§ Exercise brief:
Reproduce the records below in their entirety, character for character.

*** Block opens ***

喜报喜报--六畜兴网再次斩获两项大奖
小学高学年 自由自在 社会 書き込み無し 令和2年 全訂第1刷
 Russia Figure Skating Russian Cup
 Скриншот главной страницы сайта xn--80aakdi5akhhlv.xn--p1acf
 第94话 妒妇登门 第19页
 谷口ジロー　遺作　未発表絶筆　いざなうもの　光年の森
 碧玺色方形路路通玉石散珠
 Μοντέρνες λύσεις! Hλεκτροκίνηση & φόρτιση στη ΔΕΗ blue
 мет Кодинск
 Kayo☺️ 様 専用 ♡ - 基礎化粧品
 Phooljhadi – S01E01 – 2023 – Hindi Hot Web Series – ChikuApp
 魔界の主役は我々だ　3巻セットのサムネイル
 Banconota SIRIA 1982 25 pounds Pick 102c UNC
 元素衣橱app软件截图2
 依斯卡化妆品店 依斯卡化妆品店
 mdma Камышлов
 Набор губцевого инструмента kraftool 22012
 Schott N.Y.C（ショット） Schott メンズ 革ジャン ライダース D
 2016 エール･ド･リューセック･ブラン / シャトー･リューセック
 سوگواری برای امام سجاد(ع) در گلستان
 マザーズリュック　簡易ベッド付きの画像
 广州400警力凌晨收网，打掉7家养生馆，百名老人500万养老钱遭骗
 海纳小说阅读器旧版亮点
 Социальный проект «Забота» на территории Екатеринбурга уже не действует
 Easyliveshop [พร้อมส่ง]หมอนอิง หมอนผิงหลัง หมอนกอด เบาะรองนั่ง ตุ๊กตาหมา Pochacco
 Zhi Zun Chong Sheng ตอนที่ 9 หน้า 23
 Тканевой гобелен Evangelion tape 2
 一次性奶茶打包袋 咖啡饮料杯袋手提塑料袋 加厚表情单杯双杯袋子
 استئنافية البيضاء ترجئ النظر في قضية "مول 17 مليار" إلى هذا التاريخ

*** Block closes ***

§ Written answer:
喜报喜报--六畜兴网再次斩获两项大奖
小学高学年 自由自在 社会 書き込み無し 令和2年 全訂第1刷
 Russia Figure Skating Russian Cup
 Скриншот главной страницы сайта xn--80aakdi5akhhlv.xn--p1acf
 第94话 妒妇登门 第19页
 谷口ジロー　遺作　未発表絶筆　いざなうもの　光年の森
 碧玺色方形路路通玉石散珠
 Μοντέρνες λύσεις! Hλεκτροκίνηση & φόρτιση στη ΔΕΗ blue
 мет Кодинск
 Kayo☺️ 様 専用 ♡ - 基礎化粧品
 Phooljhadi – S01E01 – 2023 – Hindi Hot Web Series – ChikuApp
 魔界の主役は我々だ　3巻セットのサムネイル
 Banconota SIRIA 1982 25 pounds Pick 102c UNC
 元素衣橱app软件截图2
 依斯卡化妆品店 依斯卡化妆品店
 mdma Камышлов
 Набор губцевого инструмента kraftool 22012
 Schott N.Y.C（ショット） Schott メンズ 革ジャン ライダース D
 2016 エール･ド･リューセック･ブラン / シャトー･リューセック
 سوگواری برای امام سجاد(ع) در گلستان
 マザーズリュック　簡易ベッド付きの画像
 广州400警力凌晨收网，打掉7家养生馆，百名老人500万养老钱遭骗
 海纳小说阅读器旧版亮点
 Социальный проект «Забота» на территории Екатеринбурга уже не действует
 Easyliveshop [พร้อมส่ง]หมอนอิง หมอนผิงหลัง หมอนกอด เบาะรองนั่ง ตุ๊กตาหมา Pochacco
 Zhi Zun Chong Sheng ตอนที่ 9 หน้า 23
 Тканевой гобелен Evangelion tape 2
 一次性奶茶打包袋 咖啡饮料杯袋手提塑料袋 加厚表情单杯双杯袋子
 استئنافية البيضاء ترجئ النظر في قضية "مول 17 مليار" إلى هذا التاريخ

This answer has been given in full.